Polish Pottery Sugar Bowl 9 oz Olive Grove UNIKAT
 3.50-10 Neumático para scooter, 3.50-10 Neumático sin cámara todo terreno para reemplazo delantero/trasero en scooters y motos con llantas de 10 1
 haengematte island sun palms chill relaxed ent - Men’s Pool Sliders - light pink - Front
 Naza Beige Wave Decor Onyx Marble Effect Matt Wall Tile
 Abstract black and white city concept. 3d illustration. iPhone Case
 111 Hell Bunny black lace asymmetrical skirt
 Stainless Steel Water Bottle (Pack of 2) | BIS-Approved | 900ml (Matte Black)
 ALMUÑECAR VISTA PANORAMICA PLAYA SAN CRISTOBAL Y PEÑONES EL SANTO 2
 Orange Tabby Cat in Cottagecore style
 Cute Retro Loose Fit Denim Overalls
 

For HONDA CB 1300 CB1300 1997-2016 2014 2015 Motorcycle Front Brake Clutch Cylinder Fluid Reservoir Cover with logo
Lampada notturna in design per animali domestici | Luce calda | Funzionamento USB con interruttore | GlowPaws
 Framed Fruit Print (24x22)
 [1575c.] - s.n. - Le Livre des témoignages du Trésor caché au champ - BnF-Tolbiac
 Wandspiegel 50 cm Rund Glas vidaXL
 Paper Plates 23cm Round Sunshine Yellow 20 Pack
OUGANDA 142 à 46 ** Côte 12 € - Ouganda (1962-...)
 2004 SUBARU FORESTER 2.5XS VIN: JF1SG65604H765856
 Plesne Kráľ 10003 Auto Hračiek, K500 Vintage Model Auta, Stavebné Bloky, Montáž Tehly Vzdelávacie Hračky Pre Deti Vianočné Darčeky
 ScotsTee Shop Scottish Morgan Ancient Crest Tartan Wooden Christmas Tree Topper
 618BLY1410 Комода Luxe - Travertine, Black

AIM OF THE TASK: The answer must be an exact copy of the lines from the one containing "Lampada notturna in" through the last line of the records, both included.

FINISHED EXERCISE:
Lampada notturna in design per animali domestici | Luce calda | Funzionamento USB con interruttore | GlowPaws
 Framed Fruit Print (24x22)
 [1575c.] - s.n. - Le Livre des témoignages du Trésor caché au champ - BnF-Tolbiac
 Wandspiegel 50 cm Rund Glas vidaXL
 Paper Plates 23cm Round Sunshine Yellow 20 Pack
OUGANDA 142 à 46 ** Côte 12 € - Ouganda (1962-...)
 2004 SUBARU FORESTER 2.5XS VIN: JF1SG65604H765856
 Plesne Kráľ 10003 Auto Hračiek, K500 Vintage Model Auta, Stavebné Bloky, Montáž Tehly Vzdelávacie Hračky Pre Deti Vianočné Darčeky
 ScotsTee Shop Scottish Morgan Ancient Crest Tartan Wooden Christmas Tree Topper
 618BLY1410 Комода Luxe - Travertine, Black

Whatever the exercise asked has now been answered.